*Recorded information*.
=====

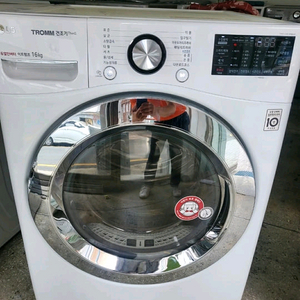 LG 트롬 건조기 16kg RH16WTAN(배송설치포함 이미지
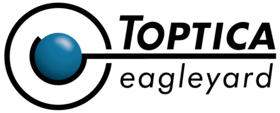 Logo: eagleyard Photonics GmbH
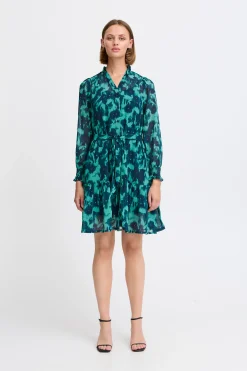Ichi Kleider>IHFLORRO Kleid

=====

*Task to complete*. Could the lines above be copied out exactly, with no image carried over?

*Exercise response*.
 LG 트롬 건조기 16kg RH16WTAN(배송설치포함 이미지
 Logo: eagleyard Photonics GmbH
Ichi Kleider>IHFLORRO Kleid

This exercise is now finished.